I lost him 13 years ago. I saw him in the morning and in the evening I was told he died in an accident. That’s not important. What is important is that he gave me something no one else has ever – belief in myself.
Once he sat me down for a serious chat. He told me that I am far more intelligent than my straight Grade A friend who lived down the road. He told me that if I channel my energies into one focus, I could achieve anything I want to. And he was right. Everything I ever achieved was when I applied myself and just thought about the goal at the end.
At the time, I laughed and didn’t believe a word he was saying. Many others before him had told me I was stupid and could never amount to anything. I was a mischievious teenager and probably did things I shouldn’t have! I had no self awareness or confidence in myself.
I graduated from university with a Degree in Business a year after he died. It was the best and the worst day of my life because I wanted him there – no one else. I have pushed through this life and tried to be a good person despite what I have been though and I have come out ok – I owe that to him and that chat we had that day.

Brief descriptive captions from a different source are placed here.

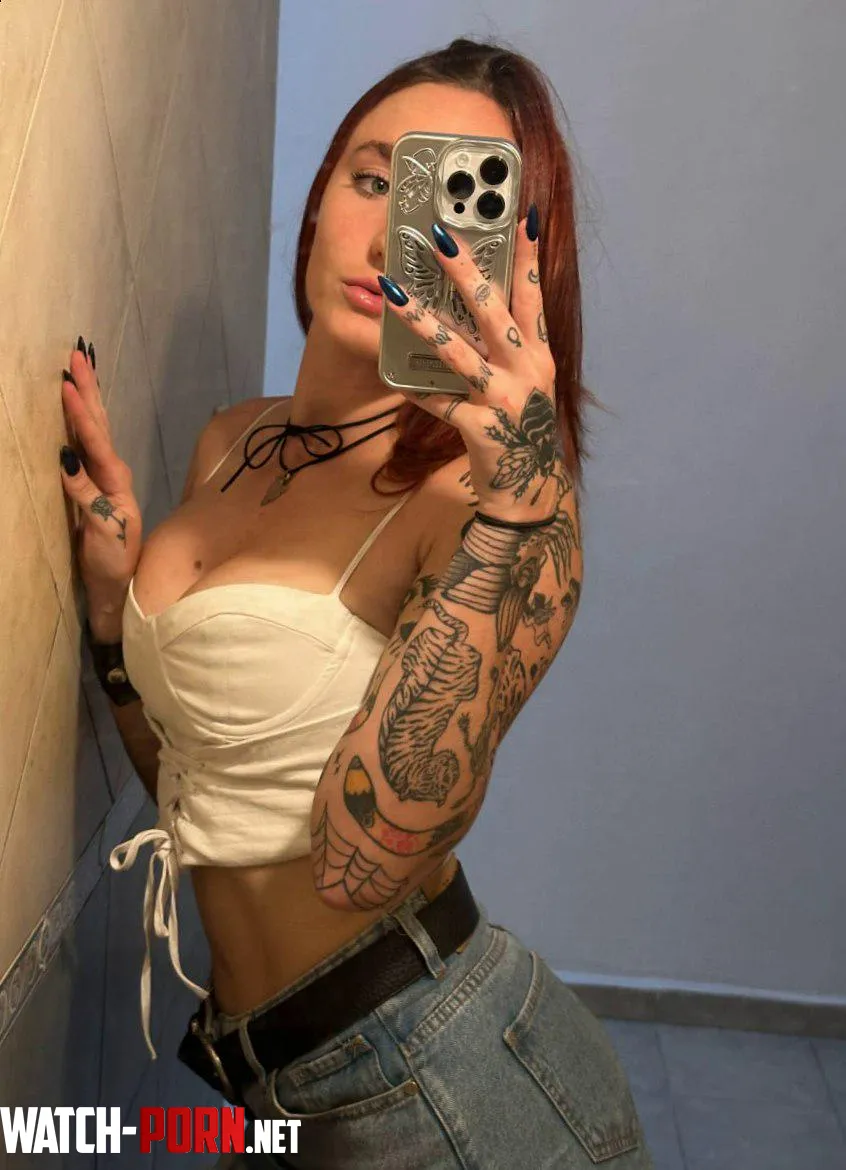 Can't beat a nice crop top with shorts.. by lulipop_mia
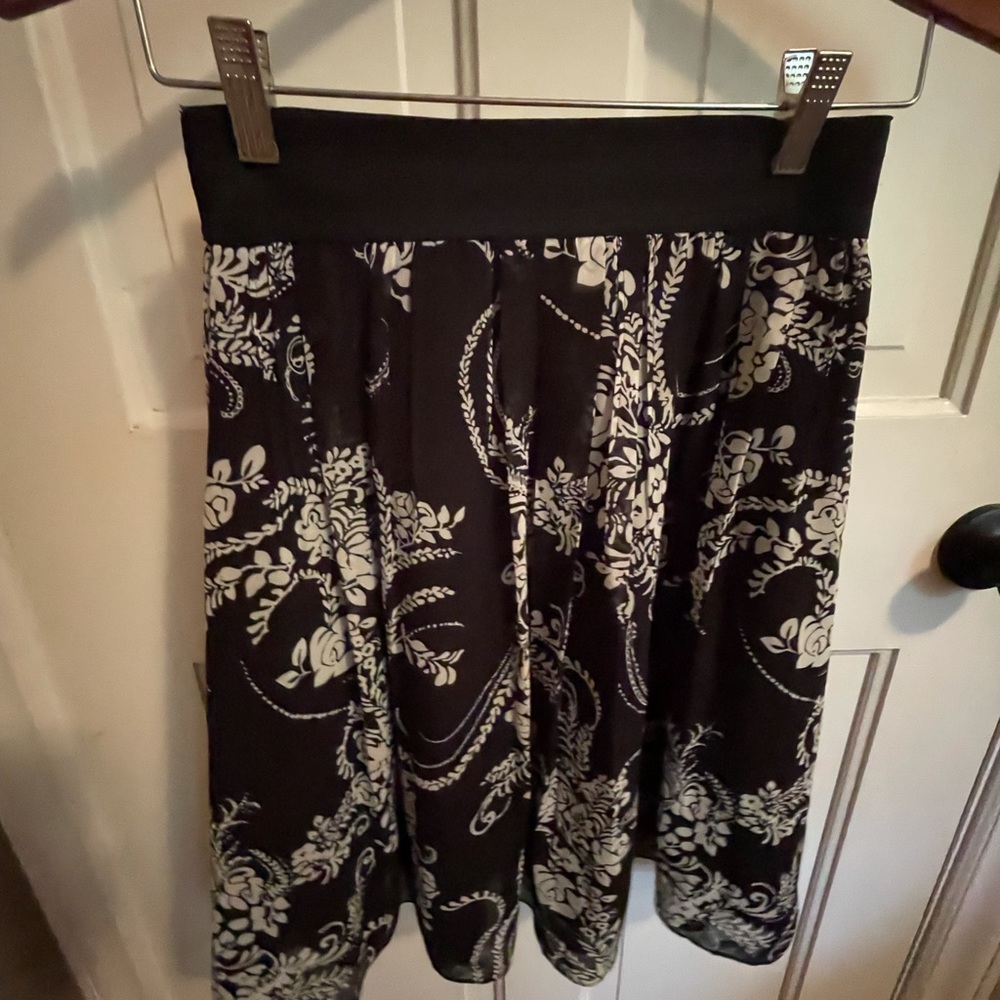 White House Black Market Skirt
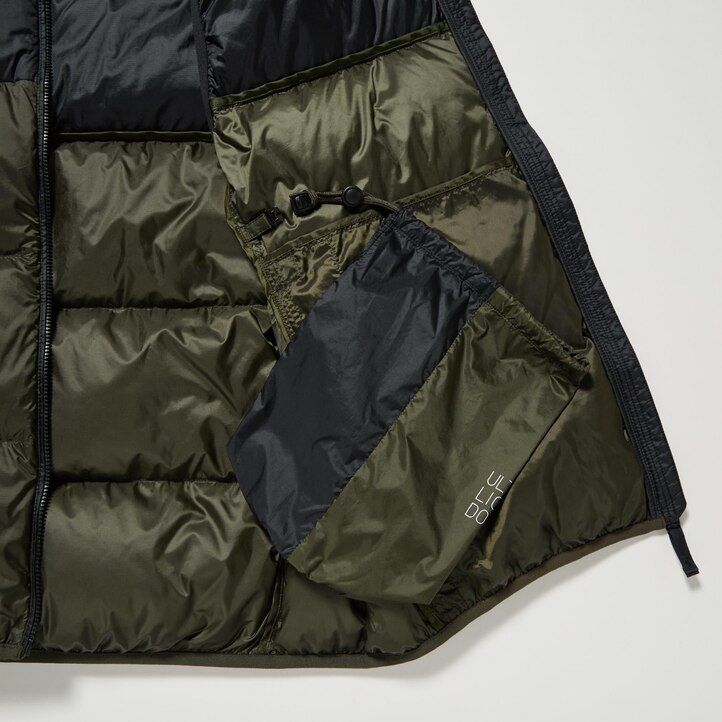 olivgrön uniqlo ultra light dunjacka med färgblock för herr
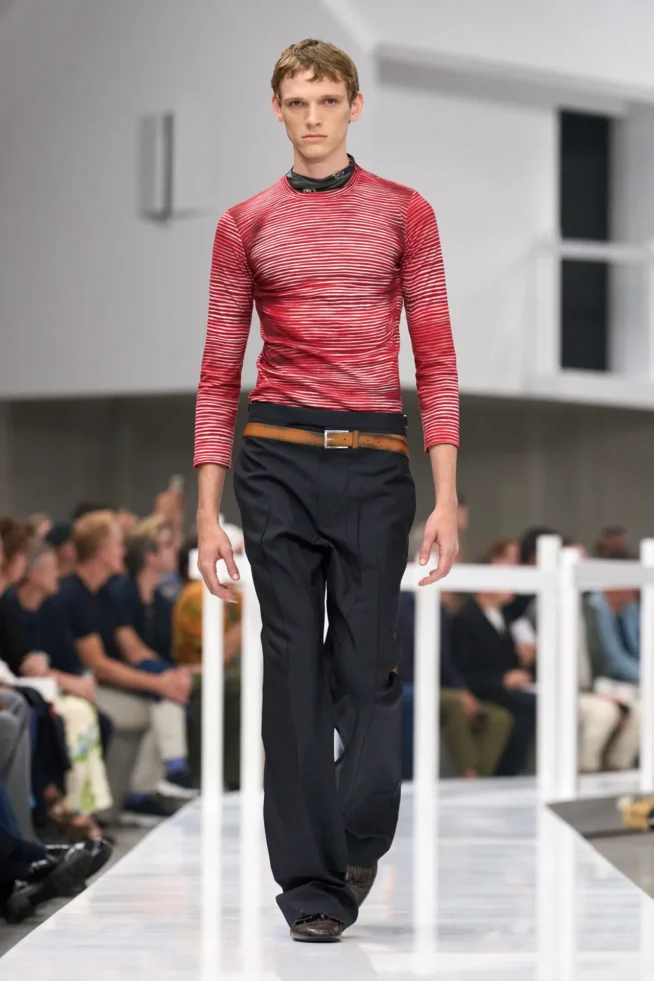 00026-prada-spring-2025-menswear-credit-gorunway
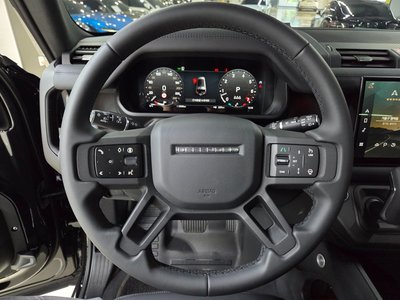 LAND ROVER DEFENDER - 10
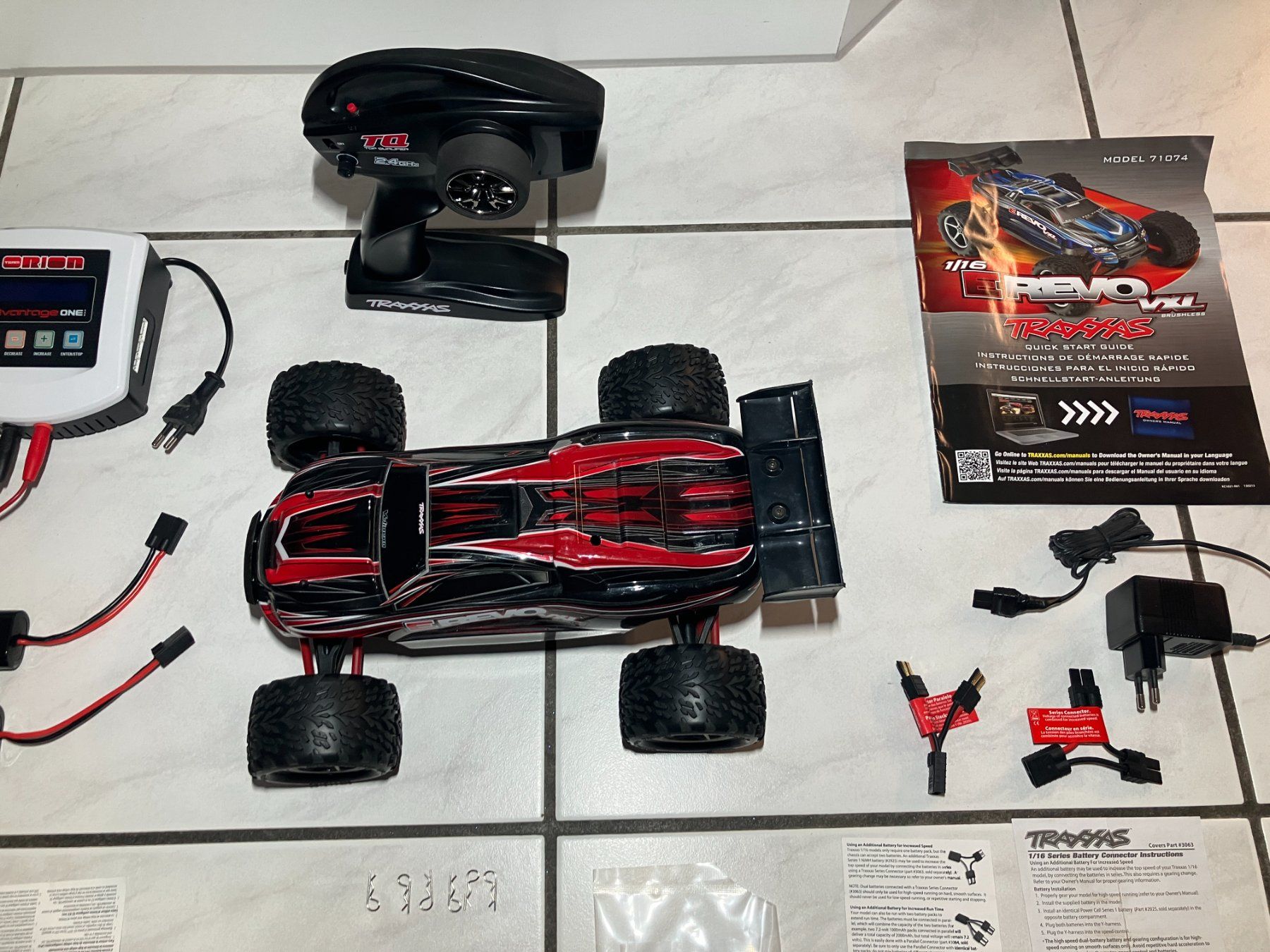 Traxxas RC Modellbau: Traxxas EREVO VXL 1/16 mit Ladegerät. – Gebraucht aus Abtwil AG von Swissraver 3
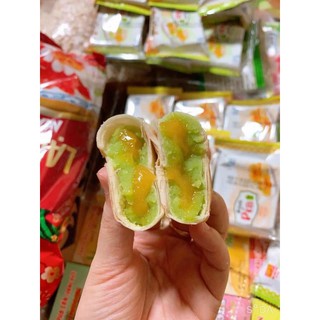 1 Cái Bánh pía kim sa Tân Xương Thành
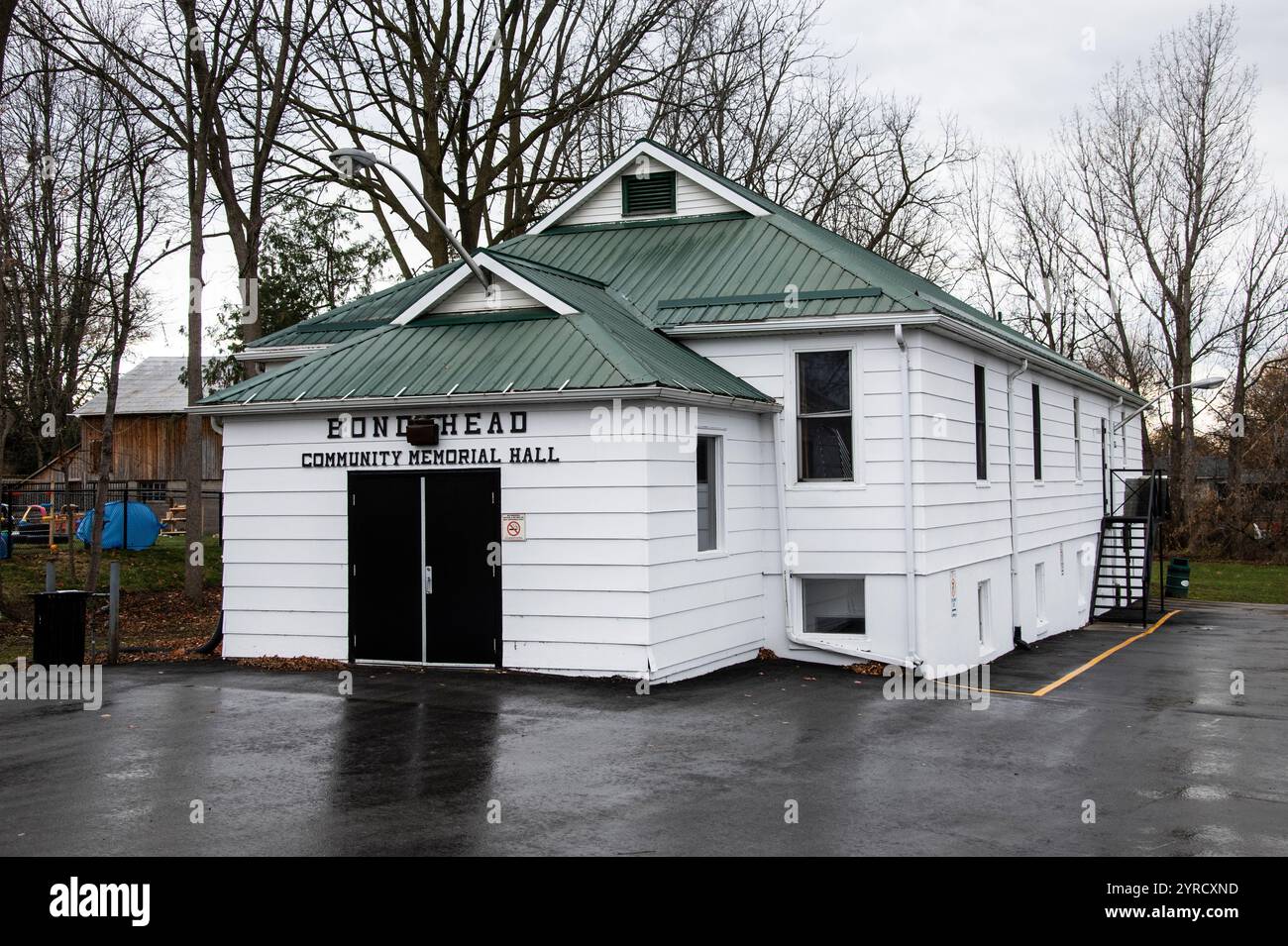 Community Memorial Hall on 27 a Bond Head, Ontario, Canada Foto Stock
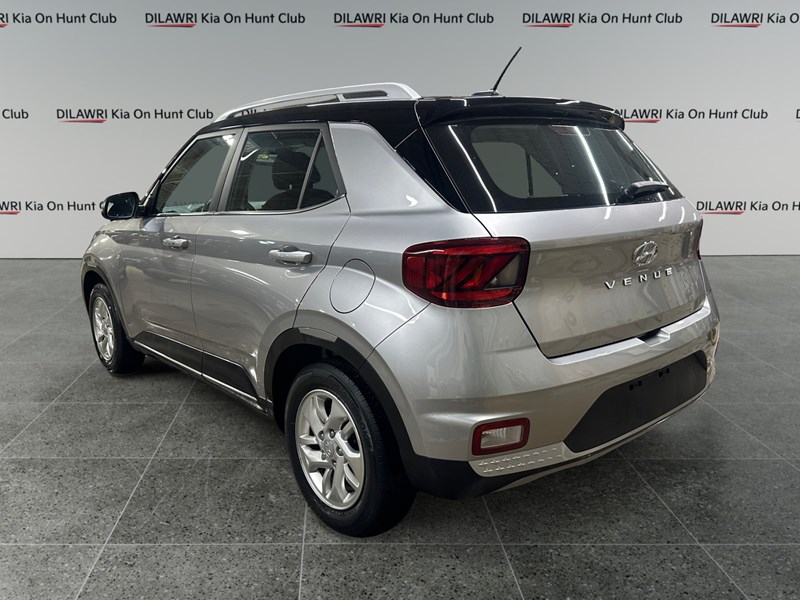 2023 Hyundai Venue Preferred IVT w/Two-Tone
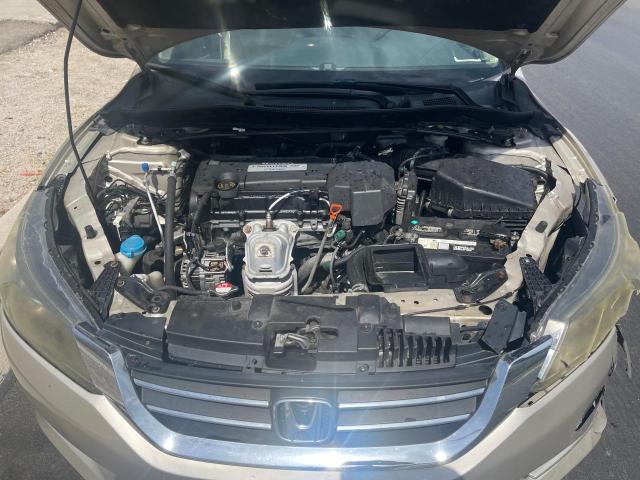 Седаны HONDA ACCORD 2013 Золотой
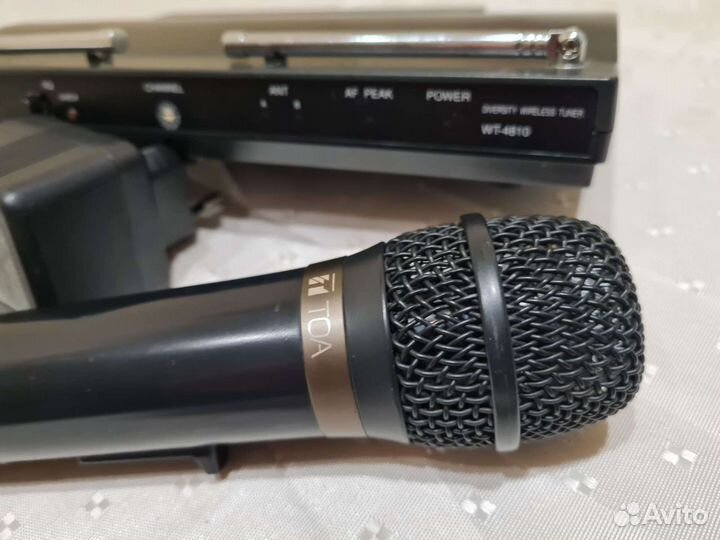 Профессиональный Радиомикрофон TOA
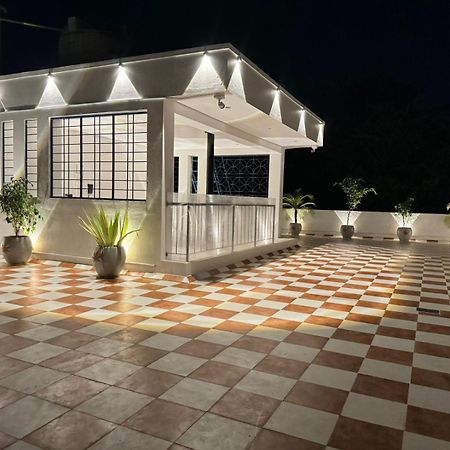 La Tamara Suite - Tie Hotels & Resorts بونديتْشيري المظهر الخارجي الصورة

He was the only person who made me feel right when I was growing up. He was the only person I felt genuine love from.
So those for you that have kids out there or someone who looks up to you, make sure you tell them you believe in them. I know with the life I had, I could have very easily turned out to me a horrible person. I could have easily said…ok screw this. But I didn’t because one person in the world told me I was better. I owe everything I have achieved to him.
I will wait for the day our souls meet again Dad. Thank you. You don’t know what you did for me.